- _THE TASK_
Only the words of the entries are wanted, repeated exactly and without images.

[Scraped caption text data]
########
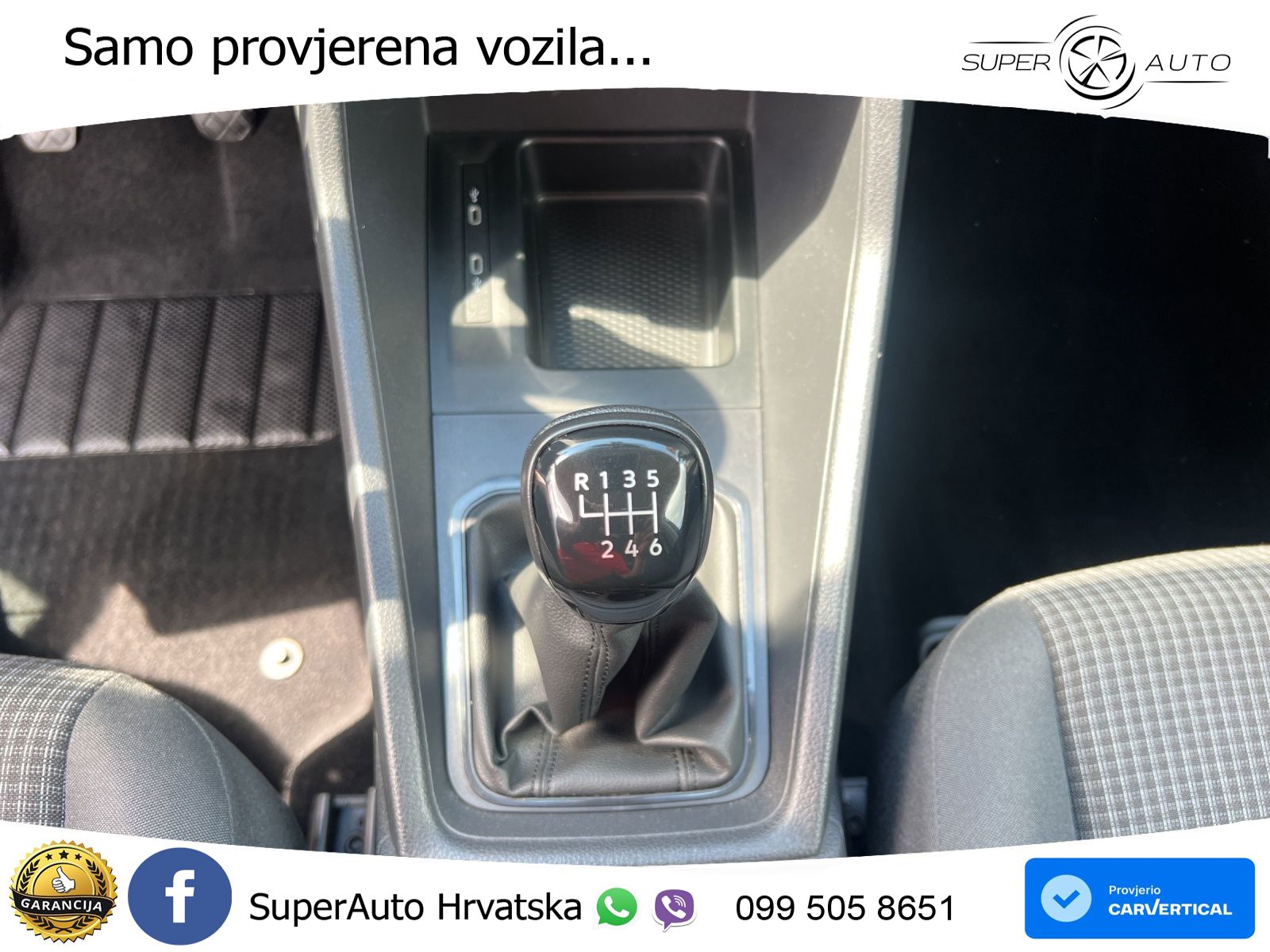 VW Caddy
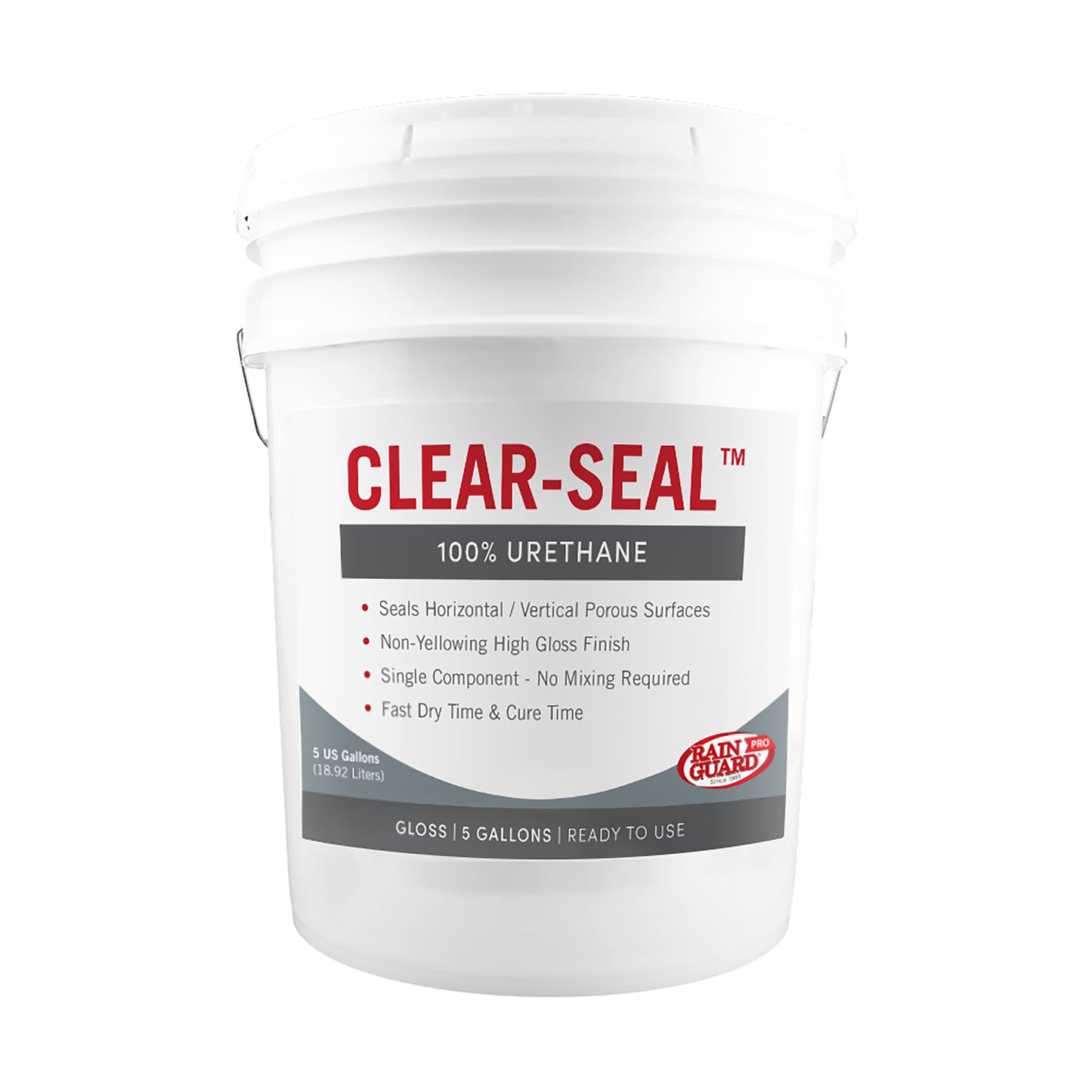 CLEAR-SEAL 100% URETHANE CLEAR GLOSS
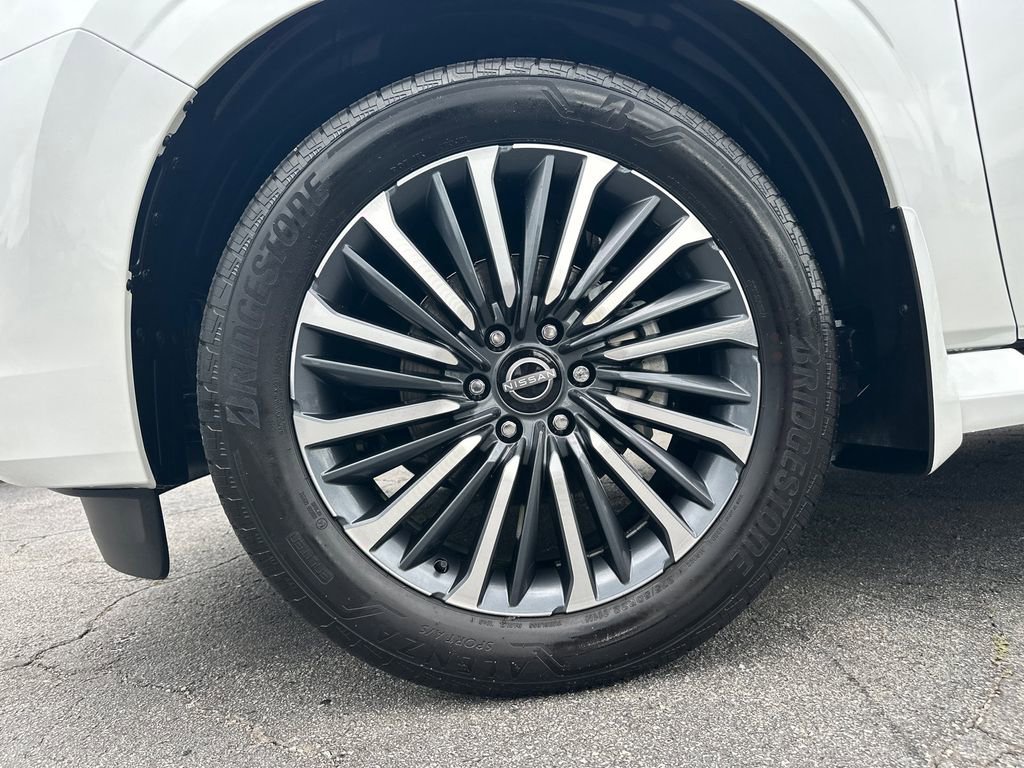 2026 Nissan Armada Platinum Reserve - Photo 12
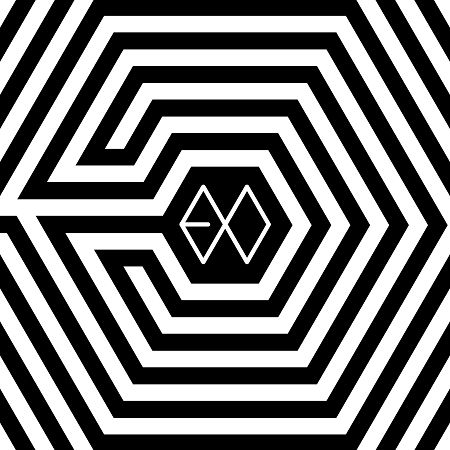 EXO-K 第二張迷你專輯『上癮 (Overdose) 』(韓文版)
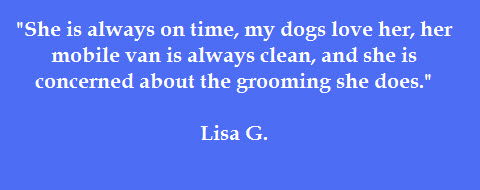dog grooming Myrtle Beach-testimonial1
########
- _ANSWER TO THIS PROBLEM_
 VW Caddy
 CLEAR-SEAL 100% URETHANE CLEAR GLOSS
 2026 Nissan Armada Platinum Reserve - Photo 12
 EXO-K 第二張迷你專輯『上癮 (Overdose) 』(韓文版)
dog grooming Myrtle Beach-testimonial1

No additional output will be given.